Florida Power Corporation

February 29, 2012

Page 2

 

  iii. the Indenture (for Debt Securities), dated as of December 7, 2005, between the Company and The Bank of New York Mellon Trust Company, National Association (successor to J.P. Morgan Trust Company, National Association), as trustee, (the “Initial Debt Securities Indenture”), and the Indenture (for [Subordinated] Debt Securities), filed as Exhibit 4(c)(6) to the Registration Statement, between the Company and a trustee to be selected by the Company in the future (together with the Initial Debt Securities Indenture, collectively, the “Debt Securities Indentures”);

 

  iv. a copy of the Articles of Incorporation of the Company, certified as of the date hereof by an officer of the Company; and

 

  v. a copy of the Bylaws of the Company, certified as of the date hereof by an officer of the Company.

In connection with my opinions expressed below, I have assumed the authenticity of all records, documents, and instruments submitted to me as originals, the genuineness of all signatures, the legal capacity of natural persons and the conformity to the originals of all records, documents and instruments submitted to me as copies.

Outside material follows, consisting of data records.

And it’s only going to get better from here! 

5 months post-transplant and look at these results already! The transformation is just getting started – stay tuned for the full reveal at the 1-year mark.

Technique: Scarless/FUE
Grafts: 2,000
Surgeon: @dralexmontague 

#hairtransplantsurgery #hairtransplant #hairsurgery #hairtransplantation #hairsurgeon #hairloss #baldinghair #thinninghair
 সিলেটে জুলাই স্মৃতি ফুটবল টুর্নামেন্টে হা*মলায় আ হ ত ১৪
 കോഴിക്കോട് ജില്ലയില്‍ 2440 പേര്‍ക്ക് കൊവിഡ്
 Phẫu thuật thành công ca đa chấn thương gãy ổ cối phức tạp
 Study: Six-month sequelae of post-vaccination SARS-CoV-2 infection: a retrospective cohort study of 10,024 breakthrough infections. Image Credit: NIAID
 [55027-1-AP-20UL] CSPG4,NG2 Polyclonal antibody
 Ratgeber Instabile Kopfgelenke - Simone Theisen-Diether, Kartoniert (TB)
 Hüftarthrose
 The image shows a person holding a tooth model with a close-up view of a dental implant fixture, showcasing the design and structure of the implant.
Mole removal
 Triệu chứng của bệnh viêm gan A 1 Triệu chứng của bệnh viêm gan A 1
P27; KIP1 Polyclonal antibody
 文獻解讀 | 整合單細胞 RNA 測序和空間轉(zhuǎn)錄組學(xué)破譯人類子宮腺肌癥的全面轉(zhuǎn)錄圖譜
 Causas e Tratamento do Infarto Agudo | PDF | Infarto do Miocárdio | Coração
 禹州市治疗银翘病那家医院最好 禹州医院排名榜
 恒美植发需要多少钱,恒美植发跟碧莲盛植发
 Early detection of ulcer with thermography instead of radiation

Where I have considered it appropriate, with respect to certain facts I have relied, without investigation or analysis of any underlying data contained therein, upon (i) certificates or other comparable documents of public officials and (ii) certificates of officers or other representatives of the Company. In addition, I have also examined originals or copies, certified to my satisfaction, of documents and agreements listed in certificates signed by officers of the Company dated as of the date hereof.

I have further assumed (i) that the First Mortgage Bonds are governed exclusively by the internal, substantive laws and judicial interpretations of the State of Florida, (ii) that the Debt Securities are governed exclusively by the internal, substantive laws and judicial interpretations of the State of New York, and (iii) that the First Mortgage Bond Indenture, the Debt Securities Indentures, and any applicable supplemental indenture thereto have been duly authorized, executed and delivered by the Company and the other parties thereto.

To the extent that obligations of the Company may be dependent upon such matters, I have relied solely upon a certificate regarding the Company from the Florida Secretary of State, dated as of February 13, 2012, as to the conclusion that the Company is a corporation and is in good standing. In addition, in rendering the opinions set forth herein, I have relied upon the opinion of Dewey & LeBoeuf LLP, a copy of which is attached as Annex I hereto, including the qualifications, assumptions, and limitations contained therein, with respect to matters of New York law. Except to the extent of such reliance, the opinions set forth herein are limited to matters governed by Florida law. I express no opinion as to the laws of any other jurisdiction. This opinion letter has been prepared in accordance with the customary practice of lawyers who regularly give and lawyers who regularly advise recipients regarding opinion letters of this kind.


Florida Power Corporation

February 29, 2012

Page 3

Based upon and subject to the foregoing and the further assumptions, limitations and qualifications hereinafter expressed, it is my opinion that:

1. Assuming (a) that the Registration Statement has become effective under the Securities Act, (b) that the financial and other terms of any class or series of the First Mortgage Bonds have been established, and the issuance and sale of such First Mortgage Bonds have been duly authorized, by the Board of Directors of the Company (the “Board”) or by a first mortgage bond indenture committee of the Company to which such authority has been properly delegated by the Board (the “First Mortgage Bond Committee”), (c) that a Prospectus supplement describing such First Mortgage Bonds offered thereby and complying with all applicable laws has been filed with the Commission, (d) that such First Mortgage Bonds have been issued and sold upon the terms and conditions set forth in the Registration Statement, the Prospectus, such Prospectus supplement, any other applicable amendment or supplement thereto, and the applicable definitive underwriting agreement duly authorized by the Board or the First Mortgage Bond Committee and duly executed and delivered by the parties thereto, (e) that such First Mortgage Bonds have been duly executed, delivered and authenticated in accordance with the First Mortgage Bond Indenture, and (f) that at the time of issuance there is an effective order of the Florida Public Service Commission authorizing the issuance and sale of such First Mortgage Bonds, the First Mortgage Bonds will be the valid and binding obligations of the Company.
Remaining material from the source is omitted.